РУБРИКА ПАМЯТЬ

Евгений Шешолин

(1955 - 1990)

Shesholin2

                                       

                                        

                                                                         Евгений Шешолин

                                                                         (попытка знакомства)


     Мучительно писать о друге, которого уже нет. Почти невозможно. Память не остыла, образ не прояснился, эхо присутствия длится. Однако может статься, что, удаляясь во времени и судьбе от этих дней и событий, я уже не смогу подвигнуть себя на воспоминания какие-то бы ни было, и потому скажу сейчас по горячему следу, как смогу. Скажу, что в русской поэзии явился новый поэт Евгений Шешолин.

      Один из нас ещё в пору блаженных первых лет студенческой жизни назвал его "Шелошик". Так и осталось: очень к нему пришлось. Женя или Шелошик. Высокий, худой, широкоплечий и чуть сутулый, с несколько размытыми чертами лица и большими выразительными глазами, ироничный, жестковатый. Почему же не все любили его?

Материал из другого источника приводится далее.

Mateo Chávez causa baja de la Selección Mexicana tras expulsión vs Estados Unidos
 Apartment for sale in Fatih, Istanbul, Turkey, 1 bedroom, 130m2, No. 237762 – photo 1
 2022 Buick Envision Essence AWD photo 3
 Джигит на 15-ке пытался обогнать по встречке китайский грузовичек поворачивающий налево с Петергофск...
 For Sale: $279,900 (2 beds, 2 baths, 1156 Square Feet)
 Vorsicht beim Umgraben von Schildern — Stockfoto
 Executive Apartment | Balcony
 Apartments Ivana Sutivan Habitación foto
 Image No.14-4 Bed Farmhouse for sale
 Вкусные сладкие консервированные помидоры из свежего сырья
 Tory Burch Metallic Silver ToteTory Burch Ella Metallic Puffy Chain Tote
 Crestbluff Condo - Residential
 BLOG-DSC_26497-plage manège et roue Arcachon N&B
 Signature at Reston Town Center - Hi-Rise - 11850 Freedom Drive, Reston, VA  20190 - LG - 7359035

        Решили: "Вылепим его с себя..."

       - О, сколько в ваших пальцах зла и боли!


       Но человек - не рубль, чтобы всем нравиться. Он жил, как Цинцинат: он не хотел быть прозрачным; не мог, не умел. Государство мстило растворённым в людях презрением к личности, особым вниманием компетентных органов, черной работой и прочая, и прочая, и прочая... Впрочем, это скорее не месть, а некая глубокая неизбежность...


       ...И так как цветы разбросали вокруг семена,

       Я смею просить, чтобы вы пробудились от сна,

      Я буду просить, как петух золотого зерна, -

      Рассвета: ведь ночь и взаправду темна и страшна.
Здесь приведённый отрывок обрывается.